**Exercise material**:
****************

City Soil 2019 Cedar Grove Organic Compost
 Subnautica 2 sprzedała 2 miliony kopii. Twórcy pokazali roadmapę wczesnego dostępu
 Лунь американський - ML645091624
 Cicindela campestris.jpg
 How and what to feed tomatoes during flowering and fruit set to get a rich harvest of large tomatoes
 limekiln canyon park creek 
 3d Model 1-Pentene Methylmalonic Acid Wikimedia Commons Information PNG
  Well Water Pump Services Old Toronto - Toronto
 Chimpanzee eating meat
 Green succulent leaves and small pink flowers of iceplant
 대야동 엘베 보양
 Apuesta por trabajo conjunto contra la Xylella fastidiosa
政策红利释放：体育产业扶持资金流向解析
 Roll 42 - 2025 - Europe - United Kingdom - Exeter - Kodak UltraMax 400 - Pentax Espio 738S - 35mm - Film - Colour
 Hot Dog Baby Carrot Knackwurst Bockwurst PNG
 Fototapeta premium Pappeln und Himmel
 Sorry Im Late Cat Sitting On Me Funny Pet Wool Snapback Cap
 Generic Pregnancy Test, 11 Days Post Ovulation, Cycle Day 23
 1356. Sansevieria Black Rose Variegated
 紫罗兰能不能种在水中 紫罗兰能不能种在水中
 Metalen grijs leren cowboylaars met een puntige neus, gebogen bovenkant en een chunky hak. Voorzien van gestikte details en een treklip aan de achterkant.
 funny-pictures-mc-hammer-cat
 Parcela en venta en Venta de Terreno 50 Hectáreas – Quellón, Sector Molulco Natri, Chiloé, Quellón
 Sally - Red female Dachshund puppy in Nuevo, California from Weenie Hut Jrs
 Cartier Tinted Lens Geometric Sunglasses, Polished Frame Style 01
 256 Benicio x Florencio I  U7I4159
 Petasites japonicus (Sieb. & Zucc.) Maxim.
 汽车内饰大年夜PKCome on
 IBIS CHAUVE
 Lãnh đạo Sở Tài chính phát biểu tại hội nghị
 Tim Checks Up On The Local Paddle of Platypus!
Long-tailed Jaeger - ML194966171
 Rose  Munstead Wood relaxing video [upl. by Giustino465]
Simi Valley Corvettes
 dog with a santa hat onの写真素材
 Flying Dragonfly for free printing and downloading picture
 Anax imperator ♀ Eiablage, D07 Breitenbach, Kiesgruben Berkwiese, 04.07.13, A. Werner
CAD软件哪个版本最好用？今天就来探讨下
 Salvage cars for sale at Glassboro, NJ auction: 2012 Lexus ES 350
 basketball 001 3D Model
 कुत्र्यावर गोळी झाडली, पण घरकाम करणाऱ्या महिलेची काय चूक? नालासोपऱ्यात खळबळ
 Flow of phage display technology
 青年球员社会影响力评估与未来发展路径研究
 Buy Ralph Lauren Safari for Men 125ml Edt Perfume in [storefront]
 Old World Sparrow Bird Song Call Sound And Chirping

****************

**Your objective**: Gather from the data above every line with the string "Model".

**Output**:
 3d Model 1-Pentene Methylmalonic Acid Wikimedia Commons Information PNG
 basketball 001 3D Model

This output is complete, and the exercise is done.